Sándor pensó en Valeria, en las chicas y en el dinero del tejado nuevo. Asintió.
—Sí.
El otro sonrió.
—Muy bien. Pues entonces ya arreglaremos también lo demás.
A un gesto breve y preciso de una de sus manos salió una muchachita de la casa llevando una bandeja con botellas y vasos.
—Hace calor —dijo Bolgár—, seguro que te apetece una cerveza.
La adolescente dejó bruscamente la bandeja sobre una mesita de hierro que se alzaba entre ambos.
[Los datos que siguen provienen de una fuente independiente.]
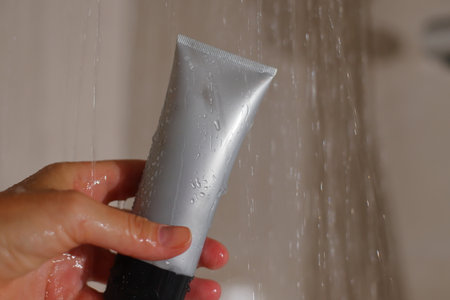 Mockup of skin cleanser in shower under water, shower or shower gel tube mock up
El mohín de su rostro revelaba a las claras su desgana, era evidente que no le agradaba servir a los hombres de aquel modo.
—Mi hija —la presentó Bolgár con orgullo haciendo caso omiso de su displicencia—. Dale un beso a tu padre, nena.
La joven se inclinó y le besó la mejilla sin alterar en lo más mínimo su expresión. Luego desapareció en el interior de la casa. Bolgár alzó su vaso y la innata cortesía de Sándor lo obligó a imitarlo, aunque en realidad no sentía el menor deseo de beber con aquel hombre. La cerveza estaba tan helada que su paso por el esófago le pareció casi doloroso.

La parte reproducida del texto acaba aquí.